Material for this exercise:
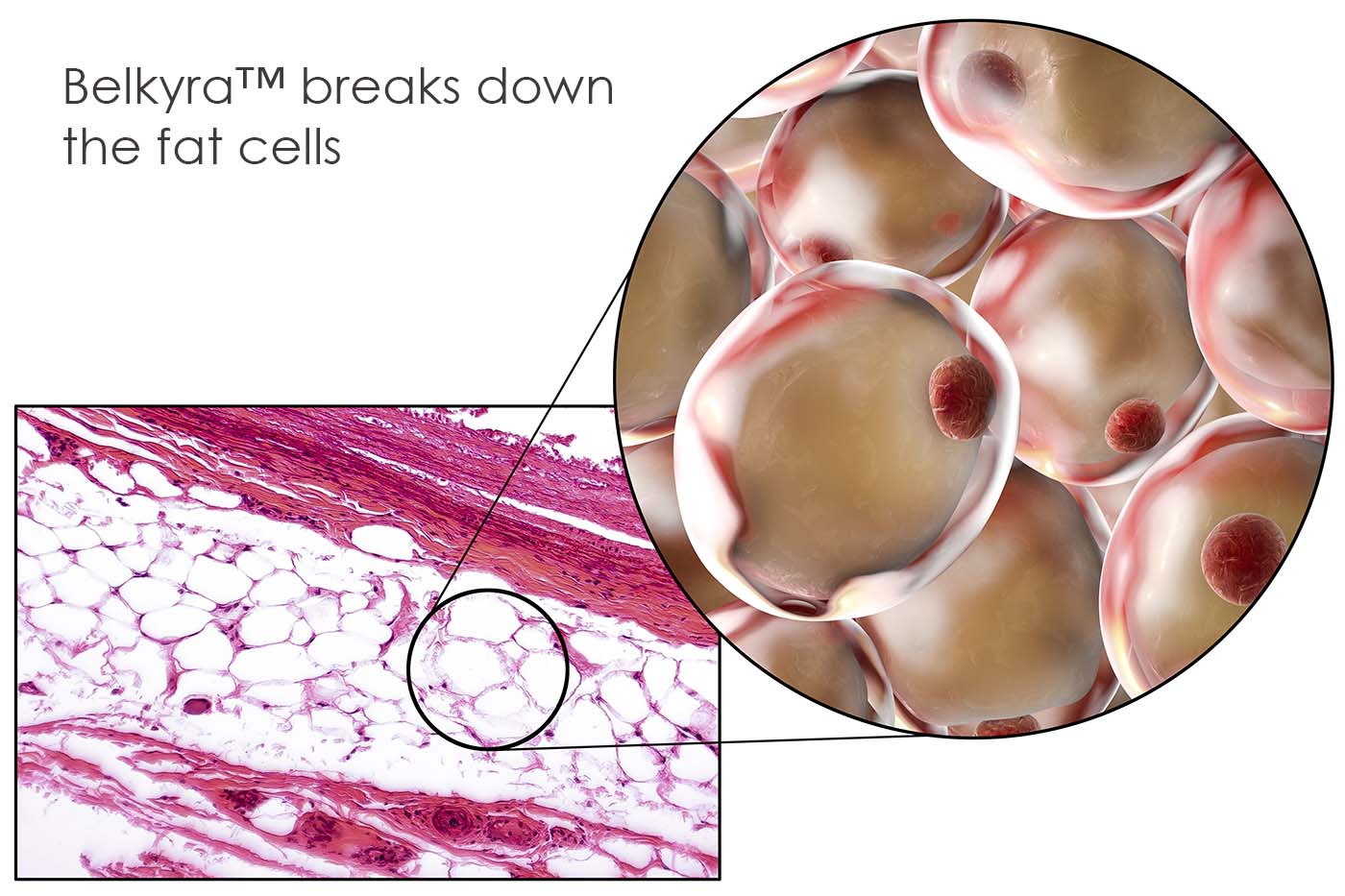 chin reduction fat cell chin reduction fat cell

...

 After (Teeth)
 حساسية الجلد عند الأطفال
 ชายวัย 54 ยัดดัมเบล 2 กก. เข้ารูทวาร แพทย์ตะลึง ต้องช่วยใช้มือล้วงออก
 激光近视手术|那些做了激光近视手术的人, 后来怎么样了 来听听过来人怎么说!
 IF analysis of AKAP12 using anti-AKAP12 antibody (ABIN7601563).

--

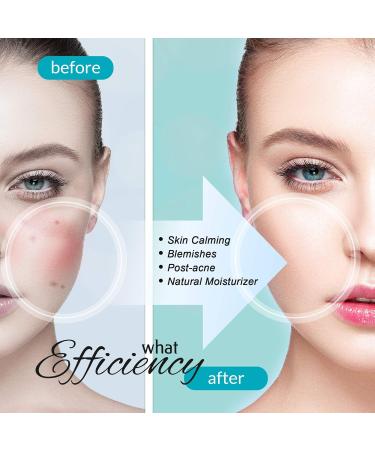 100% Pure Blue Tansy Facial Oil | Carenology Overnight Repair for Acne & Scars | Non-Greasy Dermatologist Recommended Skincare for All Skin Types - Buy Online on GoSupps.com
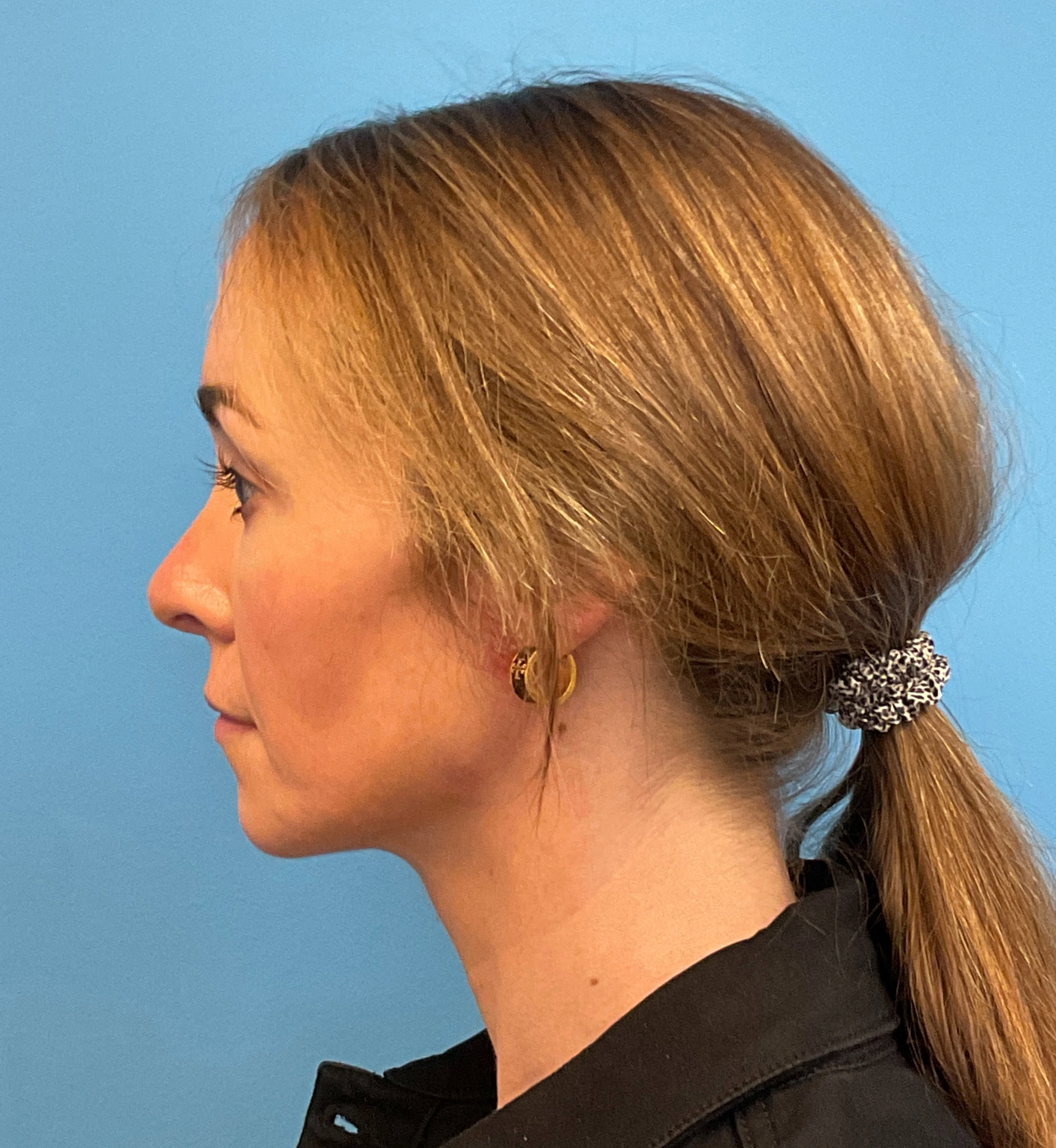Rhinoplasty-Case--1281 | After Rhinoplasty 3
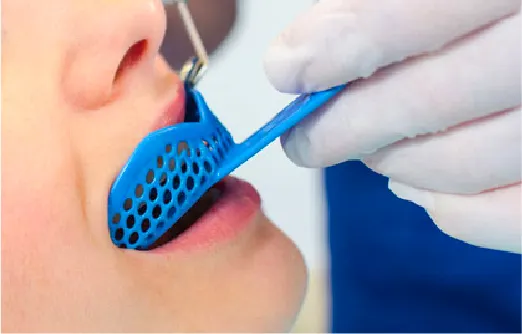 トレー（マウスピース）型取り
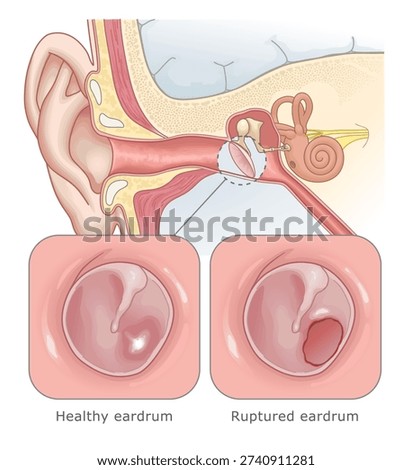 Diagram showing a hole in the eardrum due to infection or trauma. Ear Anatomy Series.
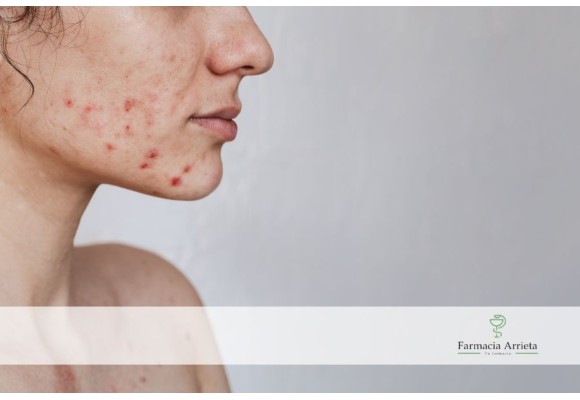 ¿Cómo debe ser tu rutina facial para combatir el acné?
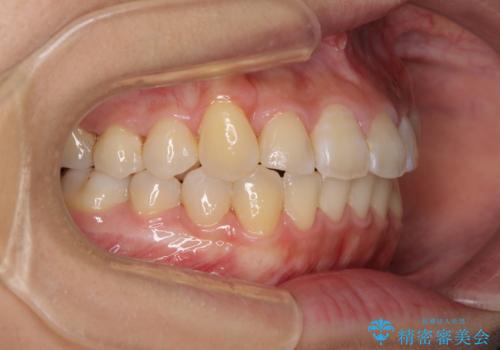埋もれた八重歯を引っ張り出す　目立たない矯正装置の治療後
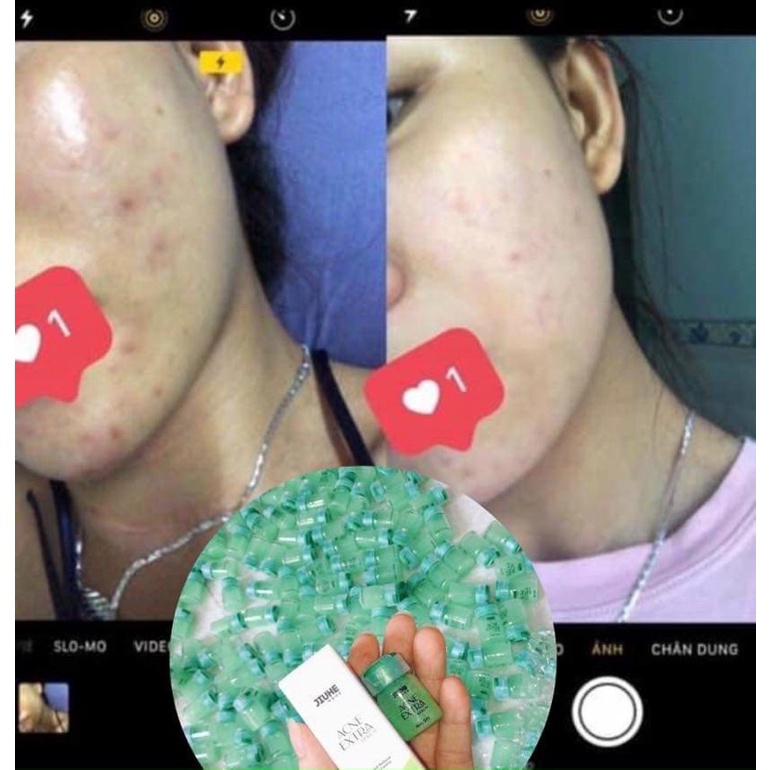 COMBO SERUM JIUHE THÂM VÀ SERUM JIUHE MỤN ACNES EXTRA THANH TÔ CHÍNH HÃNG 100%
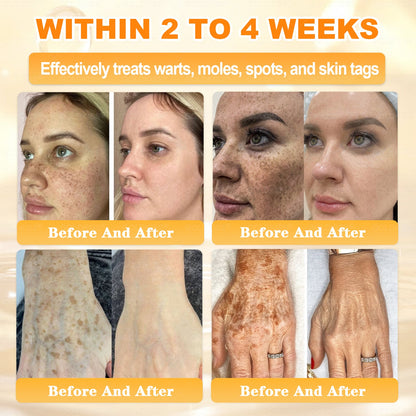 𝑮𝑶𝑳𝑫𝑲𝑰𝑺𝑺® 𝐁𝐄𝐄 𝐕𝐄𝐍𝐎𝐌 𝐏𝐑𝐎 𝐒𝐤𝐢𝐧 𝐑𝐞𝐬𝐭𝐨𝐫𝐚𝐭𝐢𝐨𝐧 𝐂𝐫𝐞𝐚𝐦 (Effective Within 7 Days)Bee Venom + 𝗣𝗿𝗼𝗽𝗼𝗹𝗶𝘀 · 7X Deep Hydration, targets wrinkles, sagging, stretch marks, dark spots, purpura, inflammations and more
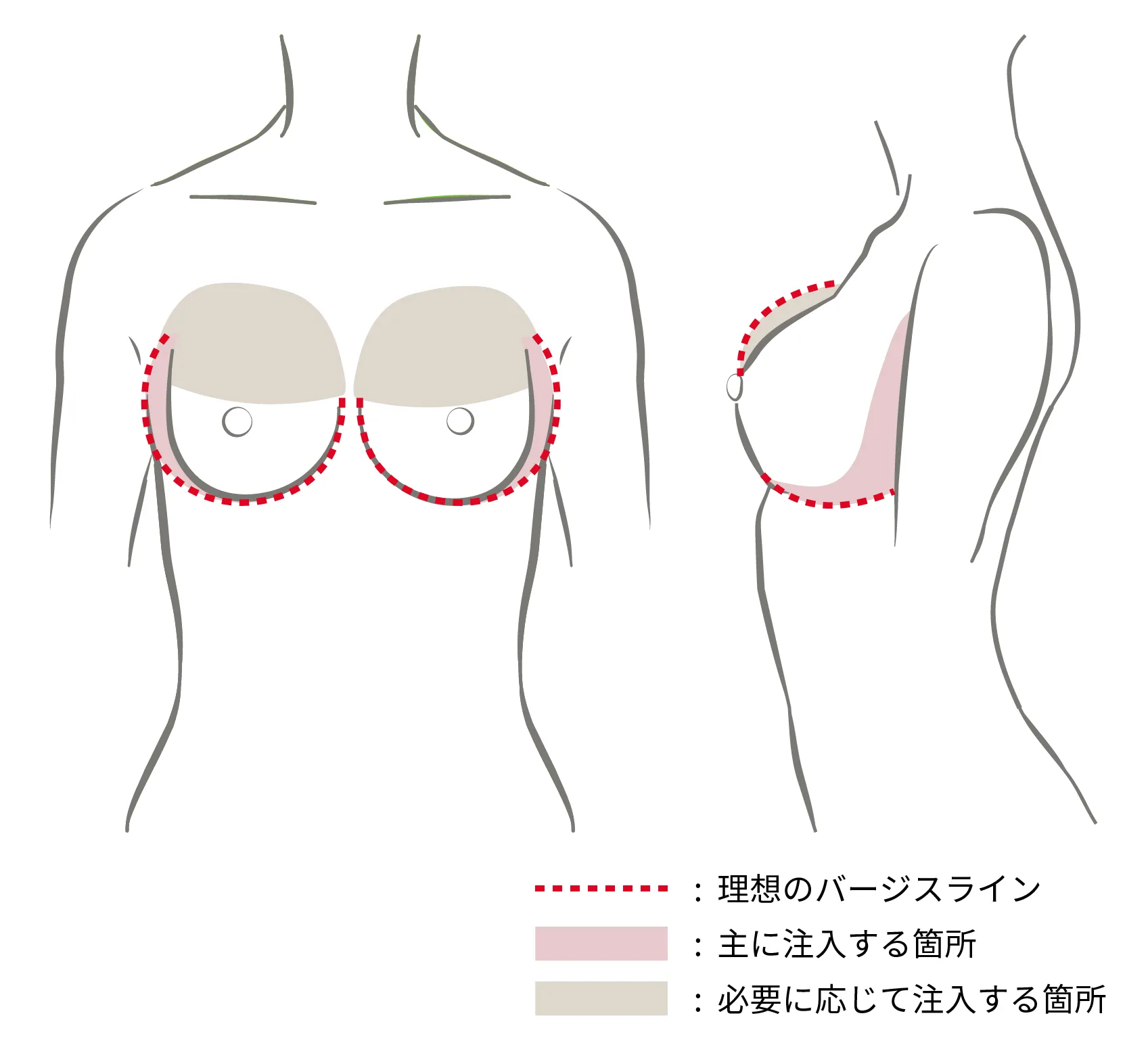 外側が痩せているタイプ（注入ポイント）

Directions for this task: In the listing above, find the line with "トレー（マウスピース）型取り" and the line with "外側が痩せているタイプ（注入ポイント）". Set down exactly those lines and everything between them, skipping pictures.

Solution to the problem:
 トレー（マウスピース）型取り
 Diagram showing a hole in the eardrum due to infection or trauma. Ear Anatomy Series.
 ¿Cómo debe ser tu rutina facial para combatir el acné?
埋もれた八重歯を引っ張り出す　目立たない矯正装置の治療後
 COMBO SERUM JIUHE THÂM VÀ SERUM JIUHE MỤN ACNES EXTRA THANH TÔ CHÍNH HÃNG 100%
 𝑮𝑶𝑳𝑫𝑲𝑰𝑺𝑺® 𝐁𝐄𝐄 𝐕𝐄𝐍𝐎𝐌 𝐏𝐑𝐎 𝐒𝐤𝐢𝐧 𝐑𝐞𝐬𝐭𝐨𝐫𝐚𝐭𝐢𝐨𝐧 𝐂𝐫𝐞𝐚𝐦 (Effective Within 7 Days)Bee Venom + 𝗣𝗿𝗼𝗽𝗼𝗹𝗶𝘀 · 7X Deep Hydration, targets wrinkles, sagging, stretch marks, dark spots, purpura, inflammations and more
 外側が痩せているタイプ（注入ポイント）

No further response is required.